The campaign to preserve the Pavilion Gardens Café appears to have resorted to disinformation to further its cause according to the owners of the gardens, Brighton & Hove City Council.
The most recent campaign posting on Facebook states that, under the proposals for revamping the Pavilion estate [see earlier story] the gardens will be totally fenced off and the public will be charged for entry.
Cllr. Geoffrey Bowden, chair of the economic development committee, has categorically denied that this will be the case insisting that the opposite is true saying that the gardens suffer from worrying levels of anti-social behaviour after dark and the council is keen to secure them in dead of night but there is no intention to make them any less accessible than they currently are during the day.
There will also be no charge to enter them. The redevelopment proposals suggest occasionally using the gardens as a venue for large cultural and artistic events, some of which may incur a charge but there will also be events in the gardens that will be free to the public and there is no plan to levy a fee for simply entering the grounds. There is already a precedent for this when the gardens were used for the famous Spiegeltent during the Brighton Festival.
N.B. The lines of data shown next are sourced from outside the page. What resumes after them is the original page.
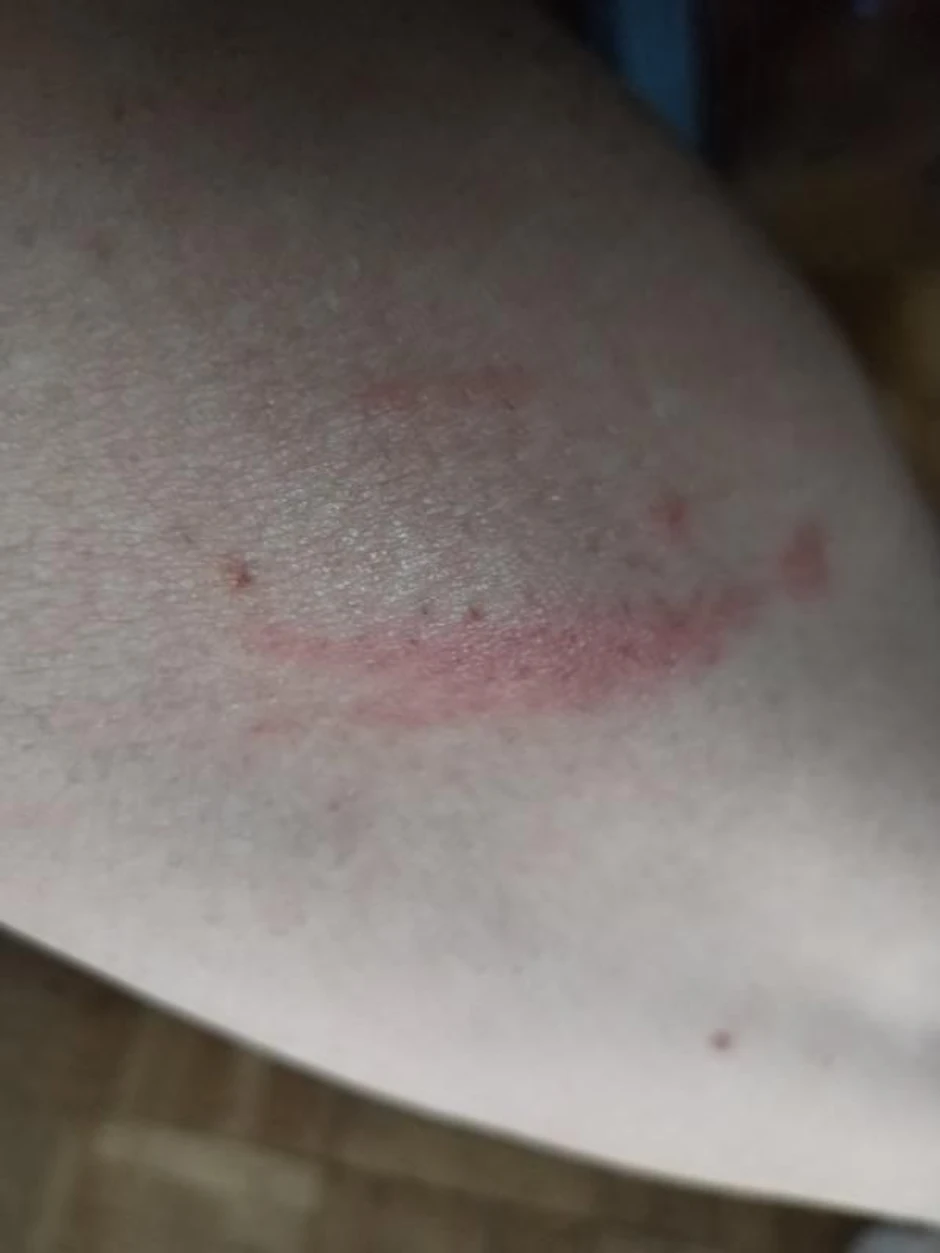 Lozničanka nakon što je dodirnula "biljku ubicu"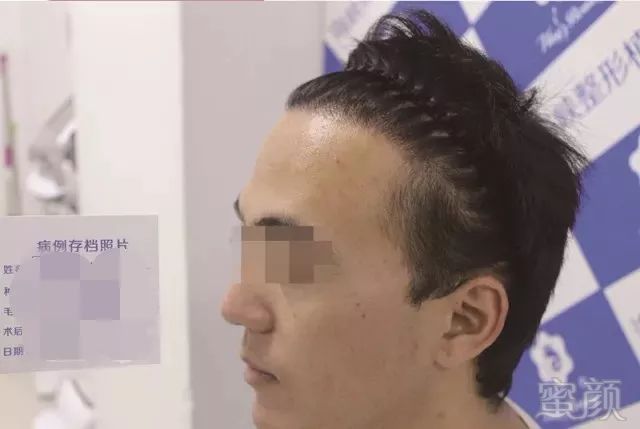 https://img.miyanlife.com/mnt/timg/180701/1245462T8-4.jpg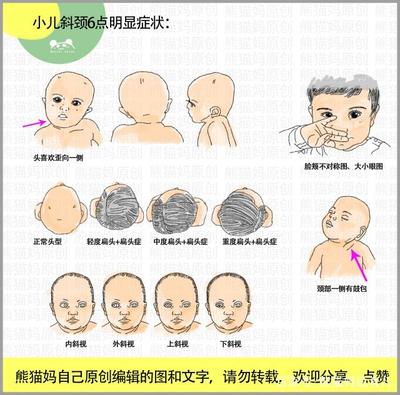 新生儿斜颈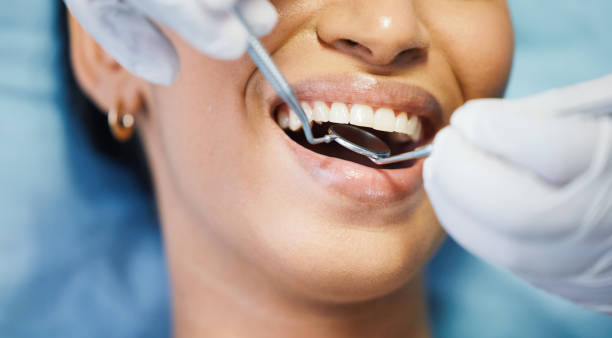 Best Emergency Treatment for Dental Infections or Abscesses in Walnut, CA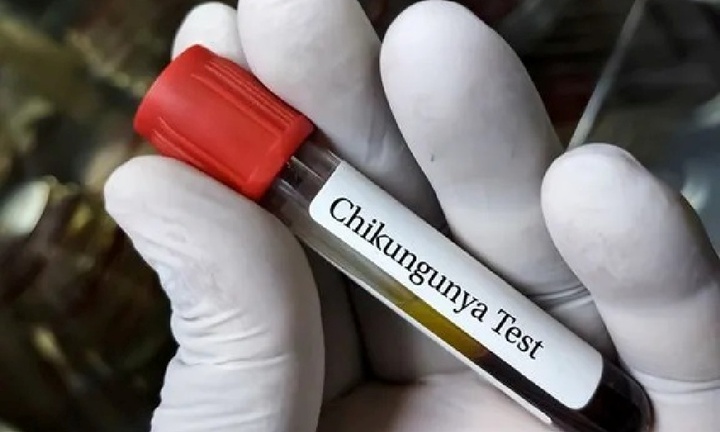 Chikungunya khiến bé trai 12 ngày tuổi ở Ấn Độ mặt tím đen, phải nhập viện cấp cứu khẩn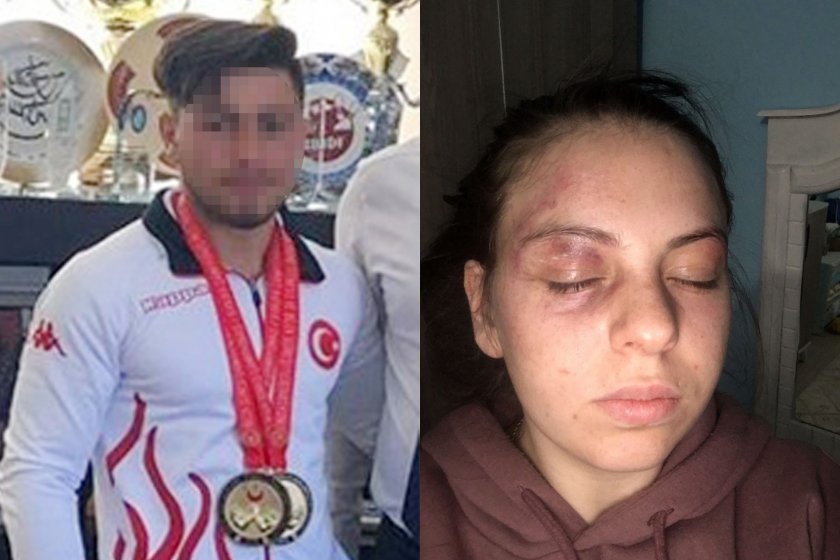 Milli sporcu eşinin şiddetinden sağ kurtulan kadın: “Birkaç saniye daha sürseydi ölebilirdim”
The Facebook page rails against the likely demolition of the café to make way for a proper visitor centre and access to the gardens from New Road saying that the other entrances will be closed. It also cites the loss of mature trees to facilitate the New Road entrance. The Council insist none of the other entrances will be closed and that no trees will be felled in the construction of a new entrance.
Cllr Bowden also points out that the existing café, constructed in 1950, will be replaced with a new café facility as part of a dedicated visitor centre; something that is sorely missing from one of the most complete Royal Palaces in Europe where people have to queue in the rain to enter on a winter's day.
ECONOMIC PARTNERSHIP COMMENT
In the hubbub over the café we must not lose sight of why the Pavilion Estate is being revamped in the first place. The Pavilion, the Museum and the Dome are all in receipt of public money from the city’s budget. This is a budget that has seen literally millions of pounds of cuts over the past three years and is faced with finding an additional £25m of savings every year for the next five years.
The prospect of the city council shelling out increasing amounts for the upkeep of buildings of national importance is just not sustainable. If we are to enjoy the fruits of the Pavilion, Dome and Museum they will have to pay their way and that means making them work better.
In addition, buildings of national importance should offer a better experience to visitors and residents. Revamping the whole estate so it works as a single entity will do that and there is no point in carping about it; it has to be done.